Articolo della testata “L’Arena” sull’accordo tra Confcommercio e TreCuori

 

Il welfare integrativo aziendale finora attivato quasi esclusivamente da imprese di grandi dimensioni, può essere previsto anche dalle piccole e medie attività del terziario, complici le novità introdotte dalla legge di Stabilità 2016 e gli aggiornamenti 2017 sui premi di produttività degli addetti.
Le aziende potranno ridurre il costo del lavoro e i dipendenti aumentare il potere di spesa. Fulcro dell’operazione varata in Veneto, prima regione d’Italia, l’accordo tra Confcommercio, che rappresenta circa 50mila imprese e la piattaforma di welfare e marketing sociale TreCuori. Il portale è stato scelto perchè facilmente fruibile sia da parte delle pmi, dati i bassi costi e l’immediatezza d’uso, sia dai loro lavoratori, che potranno spendere i crediti welfare dai fornitori di fiducia.

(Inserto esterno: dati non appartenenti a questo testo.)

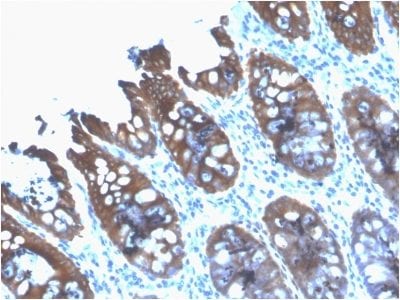 Formalin-fixed paraffin-embedded human Colon stained with Cytokeratin 8 Mouse Recombinant Monoclonal Antibody (rB22.1).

Esemplificando, l’azienda eroga il premio tramite la piattaforma, a cui il dipendente accede con le proprie credenziali per spendere l’importo, scegliendo tra negozi (librerie, agenzie viaggi, supermercati, sanitarie, distributori di carburante) e strutture di servizi (studi medici, assistenti per anziani e persone non autosufficienti, baby sitter, asili, scuole, corsi sportivi). La spesa genererà un contributo destinato a enti territoriali non profit scelti dal lavoratore, per esempio l’associazione sportiva frequentata dai figli.
Il sistema aiuta le attività economiche del terziario riducendo il costo del lavoro, e mettendo a disposizione dei lavoratori nuova capacità di spesa che le attività commerciali hanno interesse a intercettare convenzionandosi a TreCuori. Si attiva così un circolo virtuoso che, a regime, avrà effetti positivi per i consumi, orientati in particolare ai negozi di vicinato, e in ambito sociale.